Palmer v Thorne
[2010] TASSC 44
•6 October 2010
[2010] TASSC 44
COURT: SUPREME COURT OF TASMANIA
CITATION: Palmer v Thorne [2010] TASSC 44
PARTIES: PALMER, Beverley Dawn
v
THORNE, Michael
FILE NO: 956/2008
DELIVERED ON: 6 October 2010
DELIVERED AT: Hobart
HEARING DATE: 6 October 2010
JUDGMENT OF: Holt AsJ
CATCHWORDS:
Family law and child welfare – De facto relationships – Adjustment of property interests – Relevant considerations – Just and equitable.
Aust Dig Family Law and Child Welfare [496]
REPRESENTATION:
Counsel:
Applicant: T J McKenna
Respondent: No appearance
Solicitors:
Applicant: Dobson Mitchell & Allport
Respondent: Nil
Judgment Number: [2010] TASSC 44
Number of paragraphs: 13
Serial No 44/2010
File No 956/2008
BEVERLEY DAWN PALMER v MICHAEL THORNE
REASONS FOR JUDGMENT HOLT AsJ
6 October 2010
The applicant has applied for an adjustive property order under the Relationships Act 2003.
The respondent was given notice that the applicant claimed the sum of $85,000, with the funds, if necessary, to be raised by the sale of the respondent's house at Dunalley. The respondent did not attend the hearing and so there was no factual dispute and no resistance to the order sought.
The following facts appear from the applicant's affidavits and a financial statement filed on behalf of the respondent dated February 2009.
§The couple commenced cohabitation in 1984 when the applicant was aged 22 years and the respondent was aged about 24 years.
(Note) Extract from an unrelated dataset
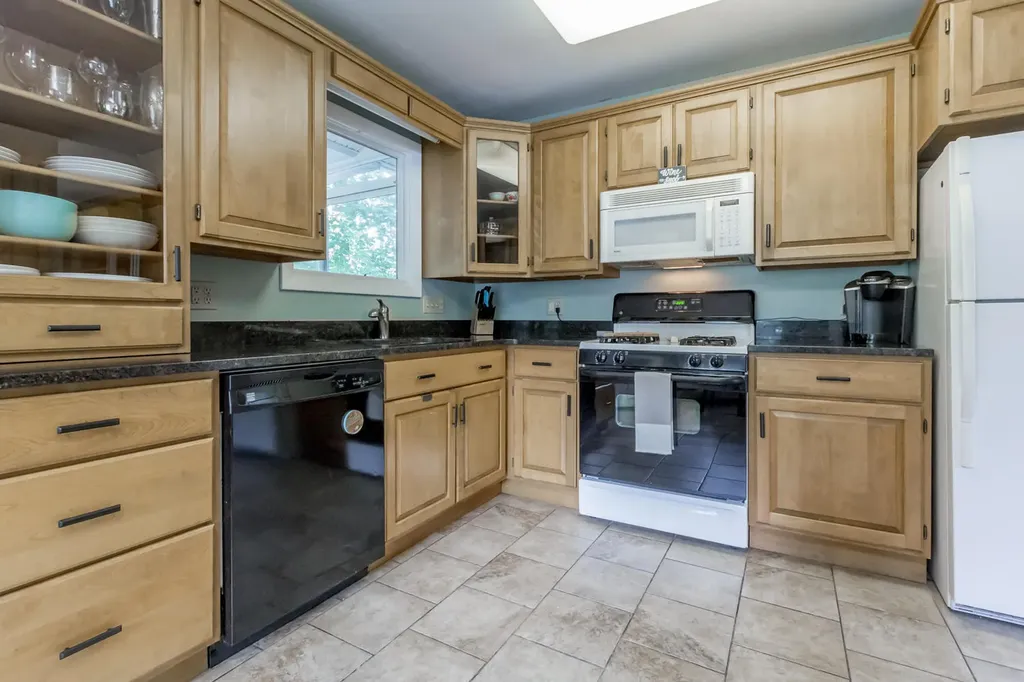 4 Swale Lane Lewiston ME 04240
§There are two children of the relationship currently aged 14 years and 16 years.
§The couple separated in January 2005.
§The applicant has custody of the children with the respondent having access at least every second weekend.
§The applicant suffers from chronic arthritis and is a disability pensioner.
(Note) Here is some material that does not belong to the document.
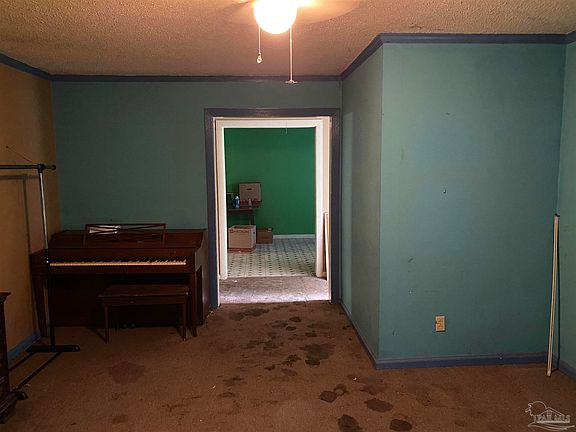 5th image of 6208 Sarah Dr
§At the commencement of the relationship the partners had negligible assets.
§The applicant's only asset is a car worth about $2,000. She has a credit card debt of about $3,500. She has superannuation savings having a value of about $7,500.
§The respondent owns a house at 32 Booth Street, Dunalley, which in June 2009 was valued at $175,000. As at the date of his financial statement he owed a Toyota land cruiser motor vehicle worth about $11,000. He had personal loans totalling about $13,500. His superannuation savings had a value of about $52,000. He had a rates debt of about $3,000 and a tax debt of about $7,400. He was also indebted to his father in a sum of about $33,000, being the unpaid balance of the purchase price, including interest, for the Booth Street house.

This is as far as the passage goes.